Haggard has been a vocal supporter of Amendment 43, which, if voters approve it Tuesday, would add to the state constitution the definition of marriage as being strictly between a man and a woman.
Jones has said he didn't know who Haggard was until five months ago. But once he realized who the man who went only by "Art" was and that Haggard preached against homosexuality, Jones said, he couldn't keep his silence.
In the immediate hours after the board's decision, a steady trickle of somber worshipers stopped by the World Prayer Center on the New Life Church campus.
Many were overheard discussing Haggard's troubles. Several said they would reserve judgment until they heard from Haggard himself.
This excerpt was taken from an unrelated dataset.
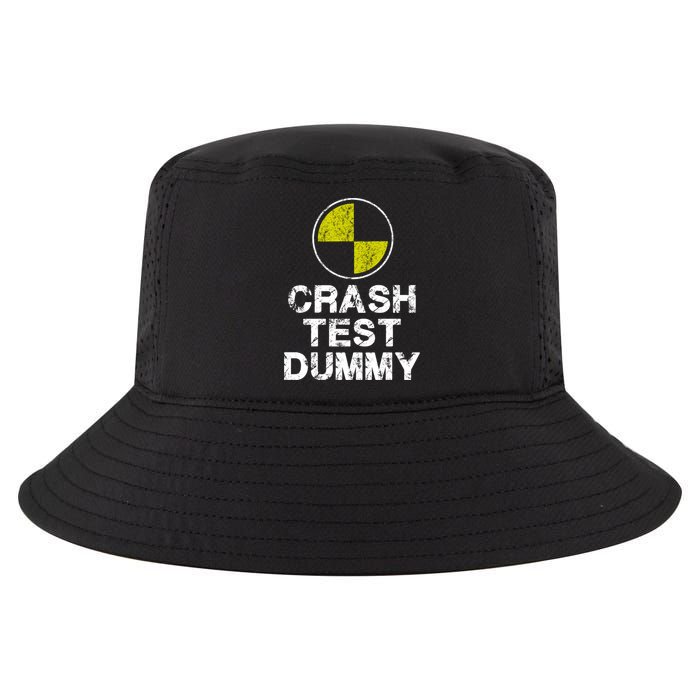 Crash Test Dummy Cool Comfort Performance Bucket Hat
A pair of teenage girls cried and held each other for comfort.
"I'm really sad about it," said Jessica Smith, 16, at the prayer center. "I think non-Christians are going to have a view of us Christians as hypocritical.
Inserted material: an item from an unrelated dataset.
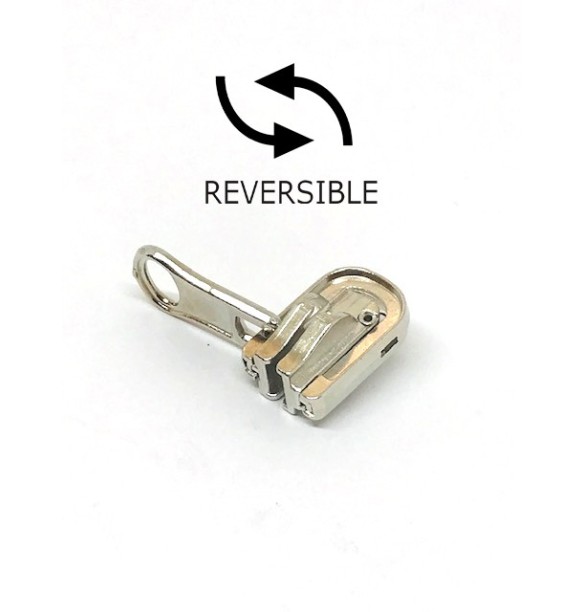 CURSOR CREMALLERA METALICA Nº5 REVERSIBLE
"It could give Christians a bad name," Smith said. "But I think we all do make mistakes, and I feel awful for his family, and I don't want to believe it's true."
The investigative board's decision to fire Haggard came during a tumult of national media attention that ramped up significantly Friday morning when Haggard spoke to reporters from the driver's seat of his truck outside his home.
With his wife and three of his five children seated with him, Haggard denied having sex with Jones but admitted he once bought methamphetamine, decided not to use it, and threw it away.
Also Friday morning, Jones had failed portions of a lie- detector test concerning his answers to questions about the sex he said took place. Haggard seized on the failure, saying Jones had been deceptive.
Haggard insisted that he met Jones simply wanting a massage.
Ross Parsley, who had stepped in as interim pastor when Haggard was placed on administrative leave, will continue to run the church until a replacement can be found.
The overseers said they hoped to replace Haggard by the end of this year.
The $18 million sanctuary, with seating for 7,500, is the largest worship space in Colorado.
Officials carted in crates of tissue boxes Saturday evening in preparation for today's services.
Staff writers Katharine Bernuth and Kirk Mitchell contributed to this report.
Staff writer Chuck Plunkett can be reached at 303-954-1333 or email@example.com.
Accuser shares voice mails
Transcript of voice-mail messages received by Michael Forest Jones, who identified "Art" as the Rev. Ted Haggard:
"Hi, Mike, this is Art. Hey, I was just calling to see if we could get any more. Either $100 or $200 supply. And I could pick it up really anytime. I could get it tomorrow or we could wait till next week sometime, and so I also wanted to get your address. I could send you some money for inventory, but that's probably not working, so if you have it, then go ahead and get what you can and I may buzz up there later today, but I doubt your schedule would allow that unless you have some in the house. OK, I'll check in with you later. Thanks a lot, bye." (Aug. 4, 2:18 p.m.)
"Hi, Mike, this is Art. I am here in Denver and sorry that I missed you. But as I said, if you want to go ahead and get the stuff, then that would be great. And I'll get it sometime next week or the week after or whenever. I will call though you early next week to, uh, see what's most convenient for you. OK? Thanks a lot, bye. (Aug. 4, 5:10 p.m.)
Haggard's fall from power began Wednesday, when Jones, 49, a bodybuilder, said Haggard had paid him for sex. Jones said that the relationship was built over monthly visits for three years and that Haggard also used methamphetamine.
"I hadn't heard," Jones said when told of Haggard's firing. "I'm sad. I didn't want to ruin his life or his family's life."